-- Provided data follows --

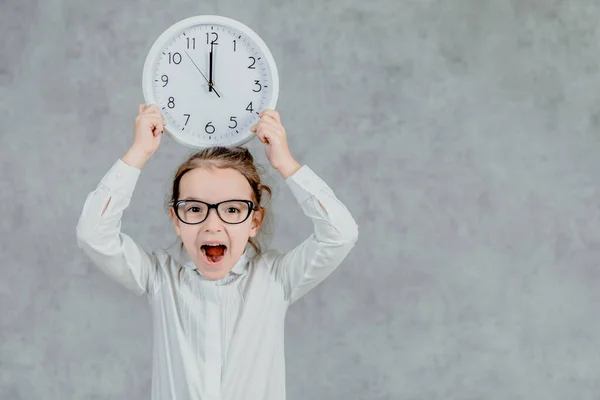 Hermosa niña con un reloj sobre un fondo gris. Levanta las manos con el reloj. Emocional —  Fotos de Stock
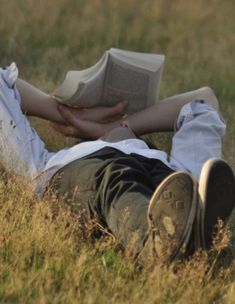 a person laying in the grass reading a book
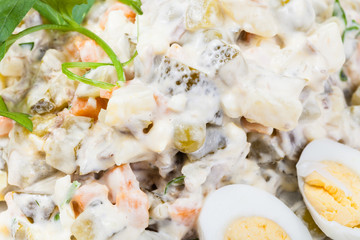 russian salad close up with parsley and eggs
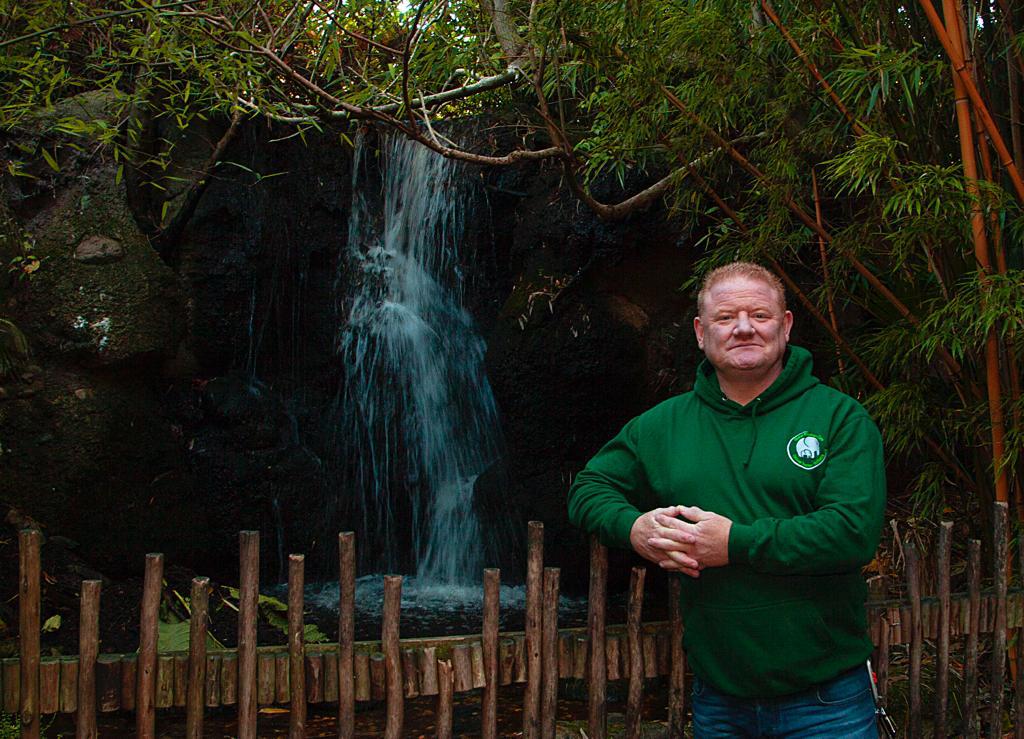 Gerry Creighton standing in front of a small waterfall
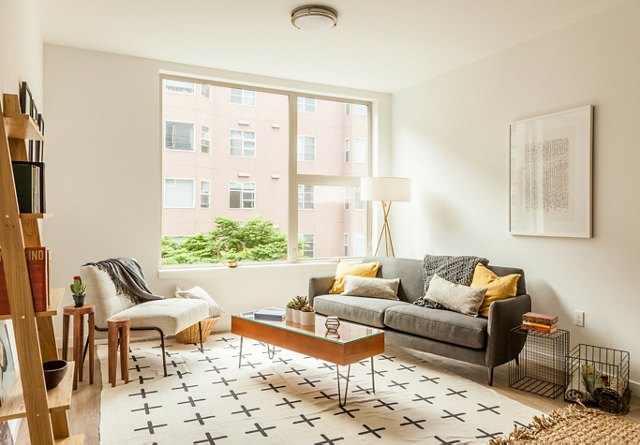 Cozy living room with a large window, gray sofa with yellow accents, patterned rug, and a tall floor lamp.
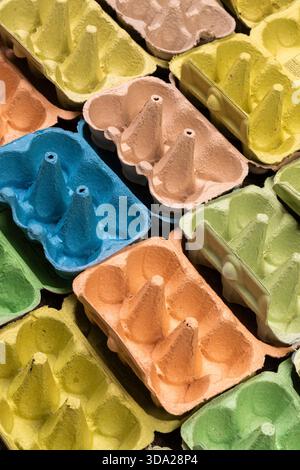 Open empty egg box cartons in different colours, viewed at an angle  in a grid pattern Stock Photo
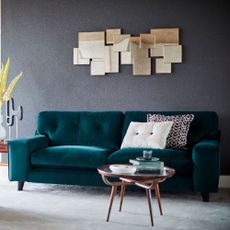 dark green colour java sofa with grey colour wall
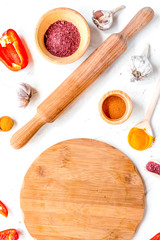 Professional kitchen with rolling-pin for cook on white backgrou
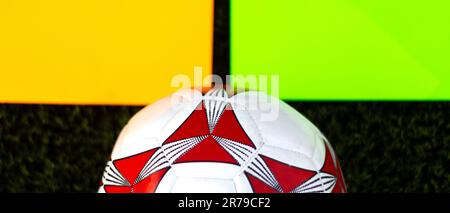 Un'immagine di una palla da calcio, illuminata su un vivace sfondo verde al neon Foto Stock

-- Provided data concluded --

Pictures are to be left out while the lines from the beginning of the records through the line with "Gerry Creighton standing" are copied word for word.

> **Response to this exercise**:
 Hermosa niña con un reloj sobre un fondo gris. Levanta las manos con el reloj. Emocional —  Fotos de Stock
 a person laying in the grass reading a book
 russian salad close up with parsley and eggs
 Gerry Creighton standing in front of a small waterfall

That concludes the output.